▶ [TO DO] After locating "2022 Ford Explorer Platinum", return its line and all lines that follow through the end of the listing below, exactly; leave out pictures.

▶ [SOURCE DATA]
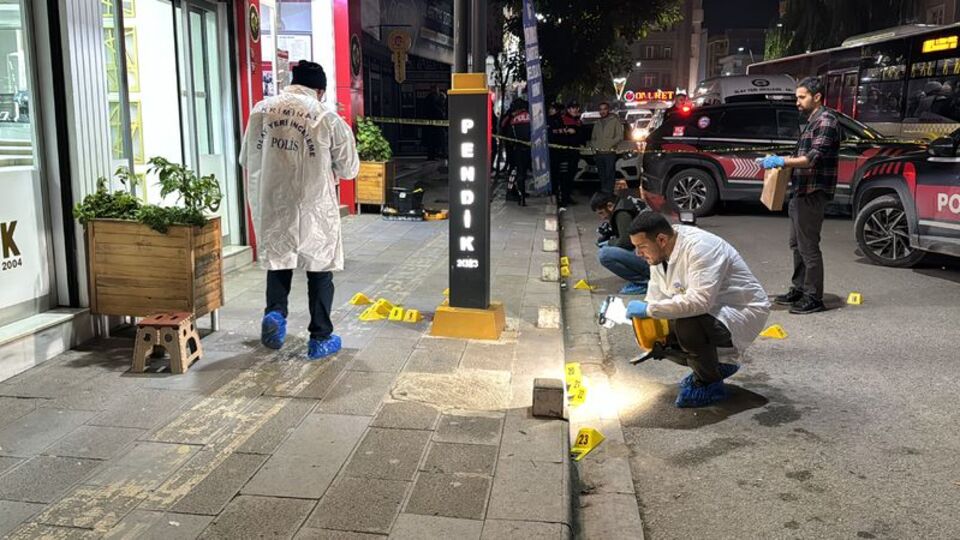 İstanbul'da sokak ortasında infaz!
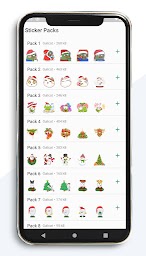 Christmas Stickers: 2021 New Year Stickers
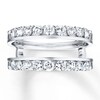 Thumbnail Image 3 of Diamond Enhancer Ring 1 carat tw Round-cut 14K White Gold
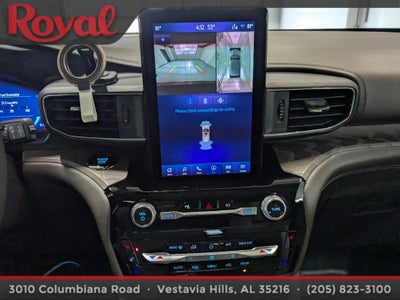 2022 Ford Explorer Platinum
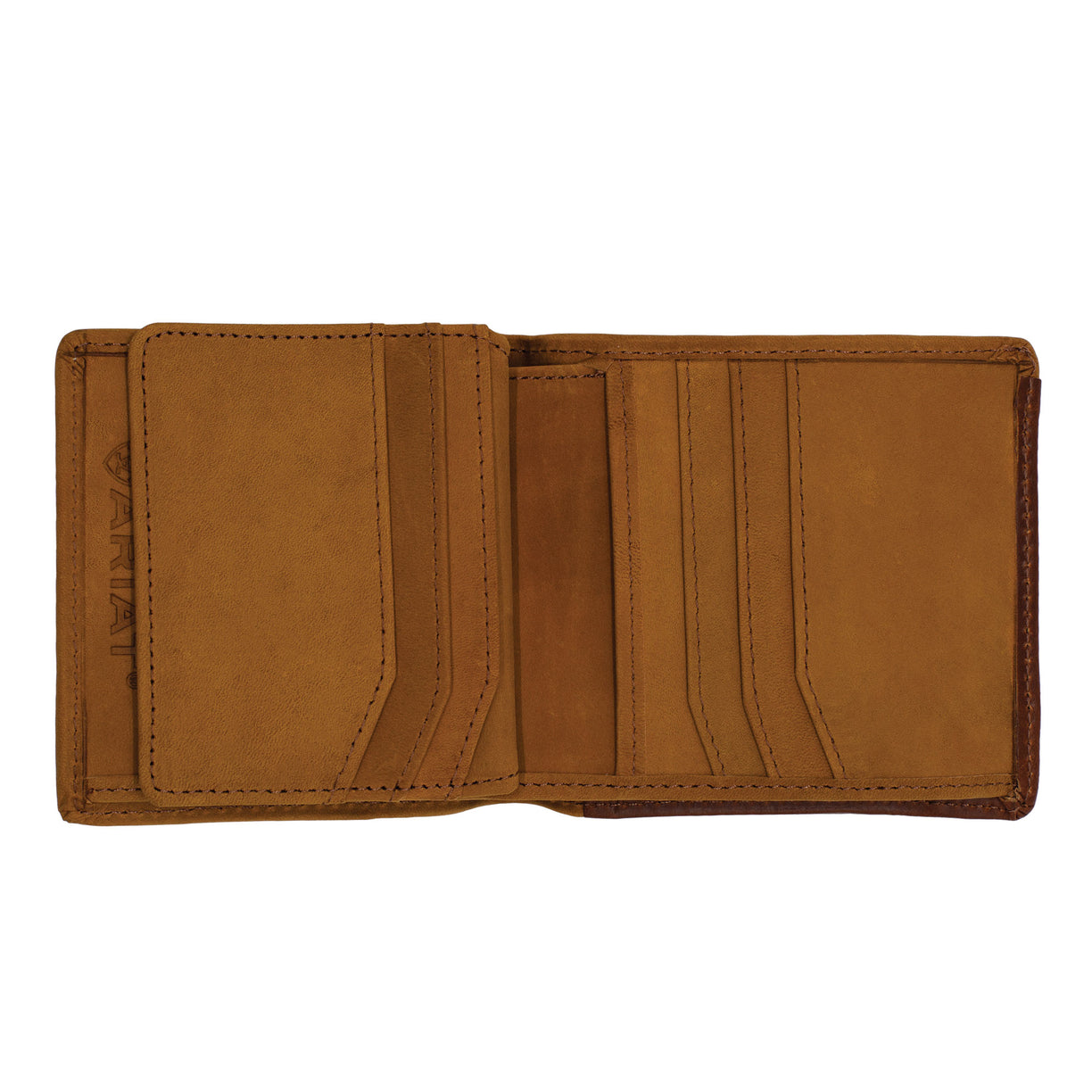Bi-Fold Wallet - Two Toned Stitched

▶ [TASK SOLUTION]
 2022 Ford Explorer Platinum
Bi-Fold Wallet - Two Toned Stitched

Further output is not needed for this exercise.